Il convient au préalable, de relever que les politiques économiques suivies par le Maroc sont dans une large mesure dictées ou du moins inspirées, depuis 1983, année du déclenchement de la crise de la dette dans ce pays, par les institutions de Bretton Woods formées du tandem Fonds monétaire international (FMI) et Banque mondiale.
Certes, le Maroc qui était pratiquement en situation de cessation de paiement vis-à-vis de l’extérieur en 1983, est parvenu, à la fin de la période d’ajustement structurel en 1993, à rétablir la viabilité de sa balance des paiements et à ramener à un niveau soutenable son déficit budgétaire.
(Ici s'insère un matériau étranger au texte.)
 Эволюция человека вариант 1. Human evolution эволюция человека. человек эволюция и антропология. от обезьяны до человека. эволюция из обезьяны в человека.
De même les réformes engagées notamment avec la Banque mondiale, contribuèrent grandement à une plus grande ouverture de l’économie marocaine sur l’extérieur, à sa modernisation, au renforcement de sa capacité à faire face à la concurrence et aux chocs extérieurs, et à la doter d’un système financier et bancaire solide et performant.
Cependant, le Maroc ne retrouva pas le chemin d’une croissance vigoureuse et pérenne à même de lui permettre de réussir son décollage économique, et continua à végéter en bas de tableau en matière d’indice de développement humain, par rapport à des pays de niveau de développement comparable.
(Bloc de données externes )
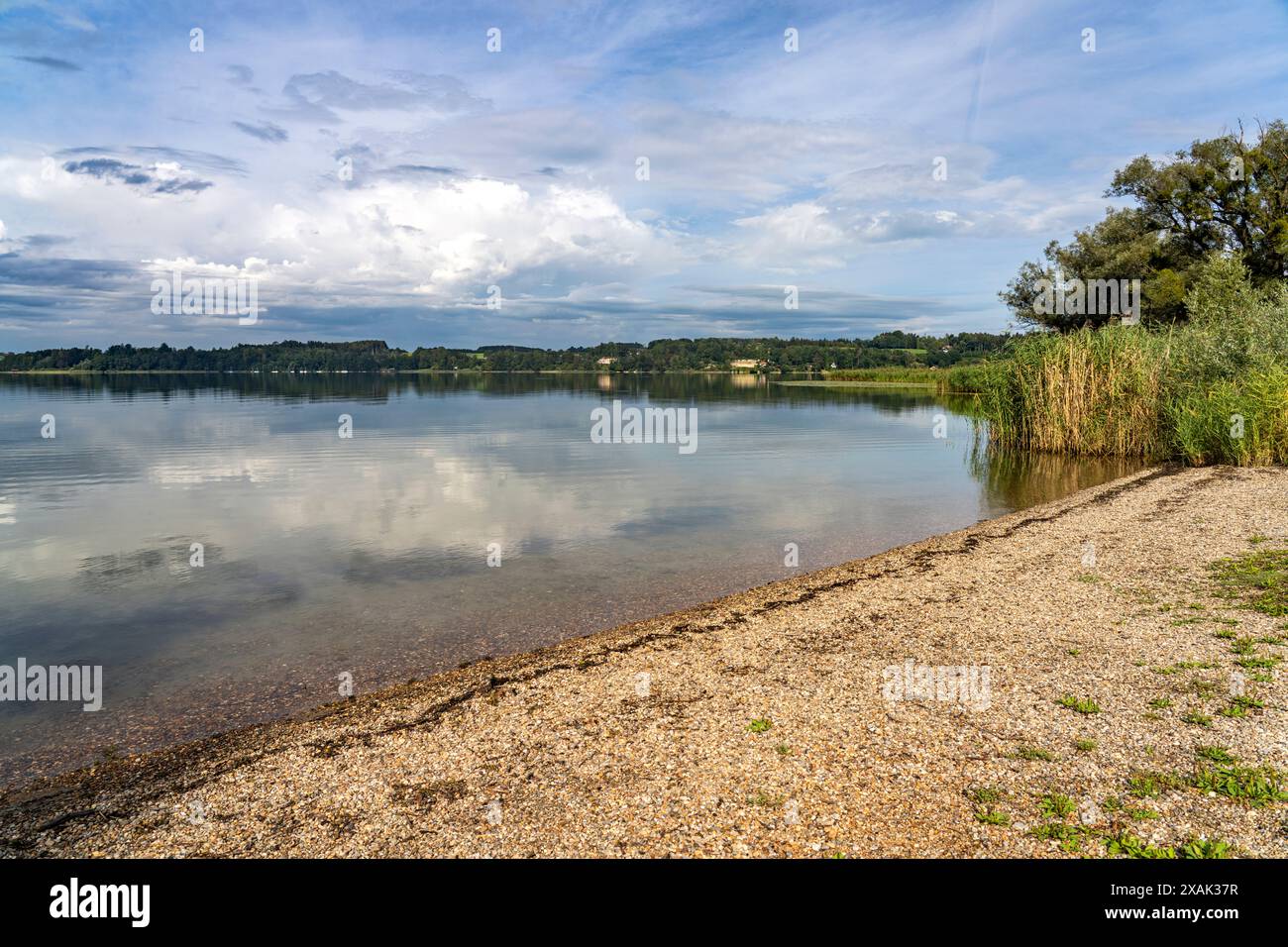 Strand am Simssee bei Bad Endorf, Bayern, Deutschland Stockfoto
Cette difficulté pour le Maroc à émerger économiquement, est, en grande partie, à notre sens, imputable aux limites des politiques économiques d’inspiration néolibérale suivies par ce pays sous les injonctions et les recommandations des institutions de Bretton Woods, et dont les maîtres mots sont dérégulation, désengagement de l’État, privatisation et ouverture des marchés.
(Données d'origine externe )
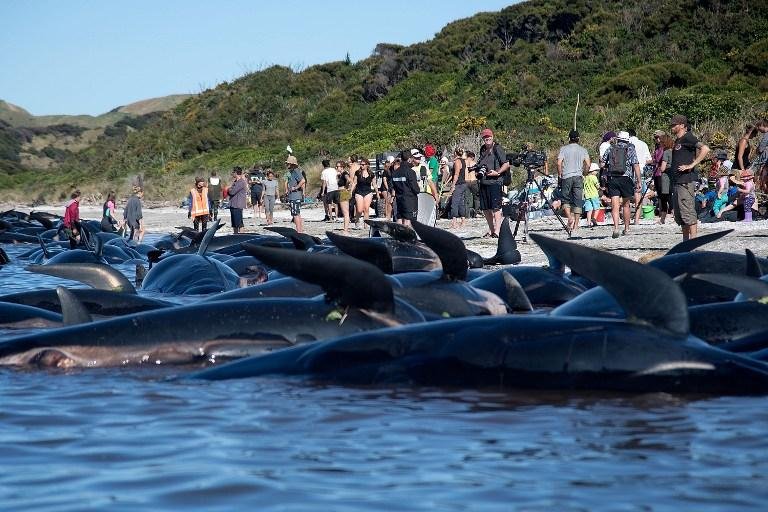 Frota ca&ccedil;a animais com "objetivos cient&iacute;ficos"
Le rôle économique de l’État
En effet, ces politiques dévalorisent le rôle moteur que se doit d’assumer l’État dans la phase du décollage économique des pays en développement, à l’instar de ce que fut le cas des pays européens actuellement développés, des Etats-Unis, du Japon et plus récemment des pays du Sud-Est asiatique.
Le décollage économique d’un pays ne peut résulter que d’un effort collectif, de la mobilisation forte de citoyens motivés, donnant le meilleur d’eux-mêmes pour sortir leur pays du sous-développement, et c’est au niveau de l’État que cette volonté collective trouve son expression et sa traduction en orientations appropriées et actions concrètes. En somme, le décollage ou l’émergence économique d’un pays, aboutissement d’une volonté politique collective, est, avant tout, une affaire de l’État.
Bien sûr, le rôle moteur à assumer par l’État sur le plan socioéconomique dans les pays en développement, devra aller en s’atténuant à mesure que ces pays se développent et leur secteur privé se renforce et devient plus compétitif. Car il ne faut pas perdre de vue que la chute du mur de Berlin a scellé définitivement la faillite de l’économie dirigée ou étatisée, et a consacré la prééminence de l’économie de marché qui, cependant, ne signifie nullement, comme on peut le constater actuellement dans les pays développés, l’exclusion de l’État du champ économique.
L’Administration publique et les institutions de Bretton Woods :
L’administration publique étant l’instrument par excellence de l’intervention étatique, il fallait à tout prix, du point de vue des institutions de Bretton Woods, réduire son envergure quitte à voir du sureffectif là où il n’y en a pas, limiter son champ d’action et réduire son coût, au détriment de la qualité des services rendus aux citoyens. Ainsi, tout au long de la période de l’ajustement structurel, le FMI n’a cessé de prescrire dans le cadre des accords de confirmation, la limitation des recrutements et le gel des salaires.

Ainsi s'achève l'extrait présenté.